Data listing
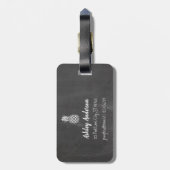 Étiquette À Bagage Arrière - plan de tableau de l'étiquette | de (Dos Vertical)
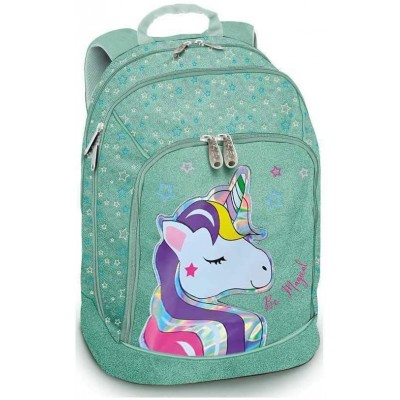 Zaino Doppio Scomparto Dream Unicorn Glitter Tiffany Pool...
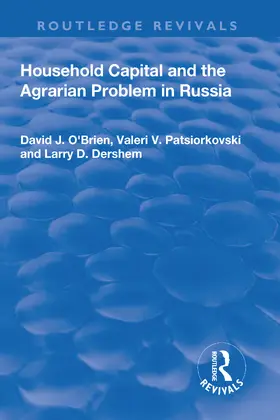 O'Brien / Patsiorkovski / Dershem |  Household Capital and the Agrarian Problem in Russia | Buch |  Sack Fachmedien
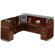 Mayline Group Napoli Reception Station with Return and Two B/B/F Pedestal
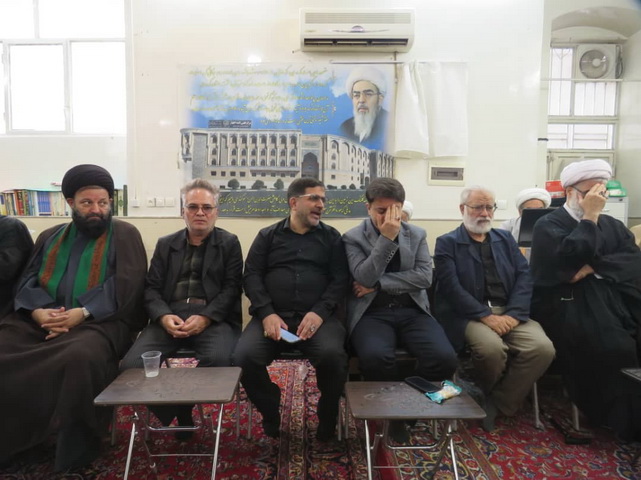 مراسم سوگواری رحلت حضرت فاطمه معصومه(سلام الله علیها) در دفتر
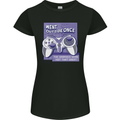 Antisocial Gamer Gaming Funny Graphics Womens Petite Cut T-Shirt Black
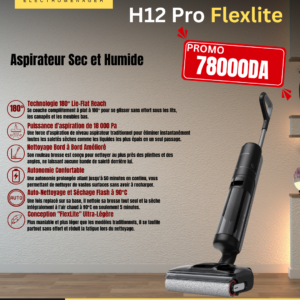 DREAME H12 Pro Flex Lite Wet & Dry - Aspirateur balai 2-en-1 - NA - Noir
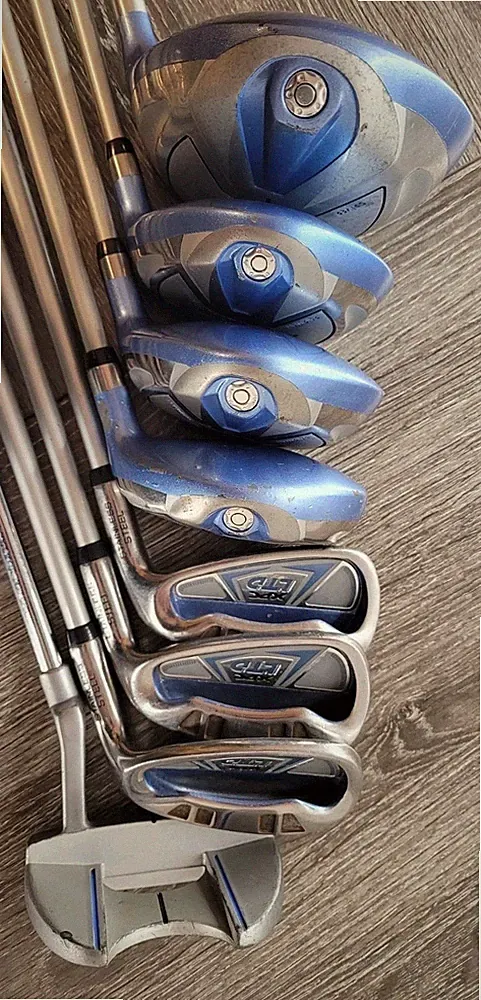XPC LTD Complete 8-Piece Golf Club Set with Matching Cart Bag & Rain Hood
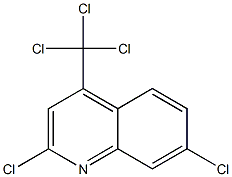 2,7-Dichloro-4-(trichloromethyl)quinoline Struktur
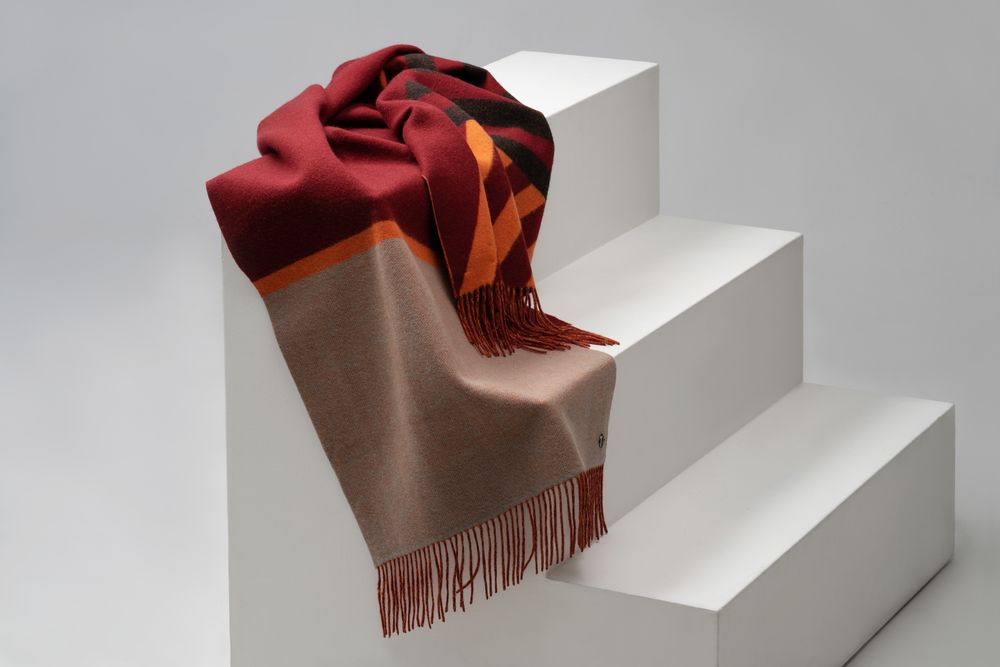 Палантин Charming, коричневый с оранжевым — изображение 15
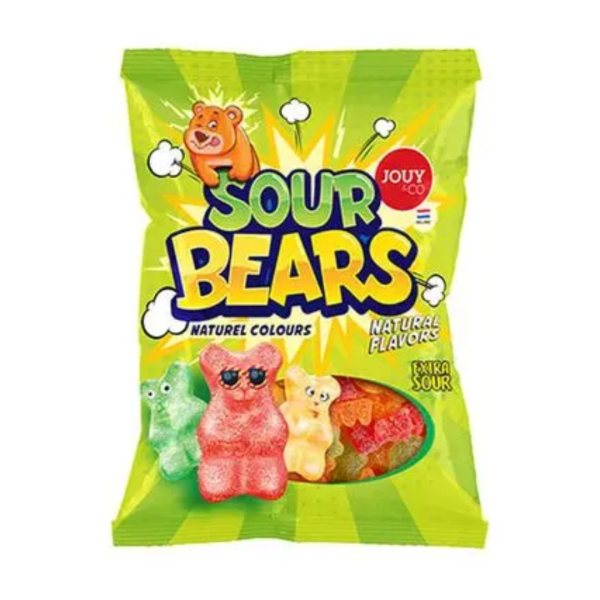 Jouy & Co Sour Bears Extra Sour, 80g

Problem details
Working down from the line with "DREAME H12 Pro", copy each line exactly until the last line of the entries, which is also included. Omit the pictures.

Output for this exercise
 DREAME H12 Pro Flex Lite Wet & Dry - Aspirateur balai 2-en-1 - NA - Noir
XPC LTD Complete 8-Piece Golf Club Set with Matching Cart Bag & Rain Hood
 2,7-Dichloro-4-(trichloromethyl)quinoline Struktur
 Палантин Charming, коричневый с оранжевым — изображение 15
 Jouy & Co Sour Bears Extra Sour, 80g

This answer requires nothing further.